» DATA EXTRACTS
======

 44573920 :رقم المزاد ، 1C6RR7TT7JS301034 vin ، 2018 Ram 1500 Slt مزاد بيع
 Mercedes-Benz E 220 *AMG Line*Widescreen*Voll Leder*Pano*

======

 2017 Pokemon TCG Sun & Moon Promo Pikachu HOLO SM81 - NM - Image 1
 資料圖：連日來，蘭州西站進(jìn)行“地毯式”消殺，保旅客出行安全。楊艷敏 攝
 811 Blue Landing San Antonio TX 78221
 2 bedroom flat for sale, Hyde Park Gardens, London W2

======

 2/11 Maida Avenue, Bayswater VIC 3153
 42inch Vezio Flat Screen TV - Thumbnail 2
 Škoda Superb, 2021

======

» WHAT IS NEEDED
Above are the entries. Quote exactly the lines from the one bearing "44573920 :رقم المزاد" through the one bearing "Mercedes-Benz E 220".

» ANSWER TO THIS TASK
 44573920 :رقم المزاد ، 1C6RR7TT7JS301034 vin ، 2018 Ram 1500 Slt مزاد بيع
 Mercedes-Benz E 220 *AMG Line*Widescreen*Voll Leder*Pano*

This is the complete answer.